A Court of Common Pleas judge recently issued an injunction, ordering the school district to revoke its latest tax increase and finding that the district misled taxpayers by projecting a large deficit to justify raising taxes by 4.4 percent. Common Pleas Judge Joseph A. Smyth ruled that the district could increase taxes by only 2.4 percent for the 2016-17 school year. He found that the district “deliberately engaged in a course of conduct” that allowed it to raise taxes without going to a voter referendum.

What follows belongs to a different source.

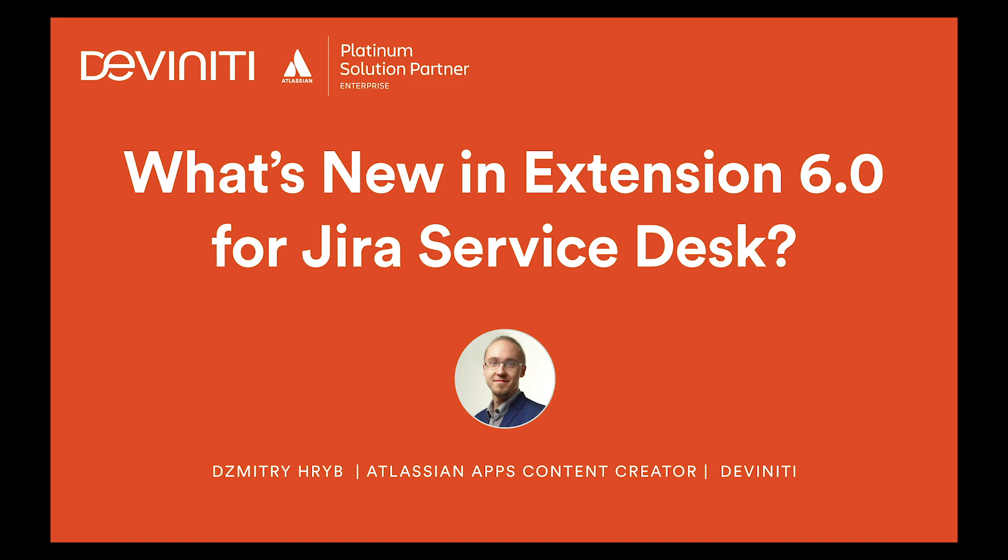Hello to all IT service management professionals and project managers around. My name is Dimitri Krip, I'm a content creator for Deviniti.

As background, Pennsylvania’s Act 1 establishes the procedures by which school districts in the Commonwealth may increase taxes. The “Act 1 index” is used to determine the maximum percentage tax increase that may be levied by a school district. The Act 1 index is calculated by averaging the percent increase in the Pennsylvania statewide average weekly wage and the federal employment cost index for elementary/secondary schools. For the year 2016-2017, the base Act 1 index was calculated to be 2.4 percent, meaning that the school district could increase taxes by only 2.4 percent, unless, that is, it qualified for an upward adjustment, received an exception from the Pennsylvania Department of Education, or had voter approval to do so.
If approved by the Pennsylvania Department of Education or a court of common pleas, a school district may, without seeking voter approval, increase the tax rate by more than the base Act 1 index if the revenue raised by the allowable base index is insufficient to balance the proposed budget due to one or more of ten (10) specified expenditures. Those expenditures include: (1) a response to an emergency or disaster declared by the governor, (2) implementation of a court order or administrative order from a federal or state agency, (3) a response to conditions that pose an immediate threat of serious harm or injury, (4) school construction, (5) special education expenditures, (6) a school improvement plan required by No Child Left Behind, (7) maintenance of local tax revenue or actual instruction expense per average daily membership , (8) maintenance of selected revenue sources, (9) health care related benefits, and (10) retirement contributions.
In the case of Lower Merion School District, the judge found that the district routinely misrepresented deficits and applied for exceptions from the Department of Education, and was thus improperly permitted to raise taxes above the base index. Since 2006, the district reportedly has raised taxes by 53.3 percent. According to the Associated Press, no district in the Commonwealth has requested as much tax money through Act 1 exemptions.
The district responded to the judge’s ruling with a letter to Lower Merion School District parents, strongly disputing the judge’s conclusions and stating that it will be filing an appeal. Meanwhile, Lower Merion School District is well-regarded as one of the top districts in the Commonwealth. According to U.S. News and World Report, Lower Merion High School is ranked the fifth best high school in the Commonwealth. The district reportedly spends more per pupil than almost any other district in the Commonwealth.
As expected, the judge’s ruling has left parents and residents of Lower Merion Township wondering how public education in the township might be affected. This litigation has further called into question the Act 1 process by which school districts apply for and receive approval to increase taxes in the Commonwealth.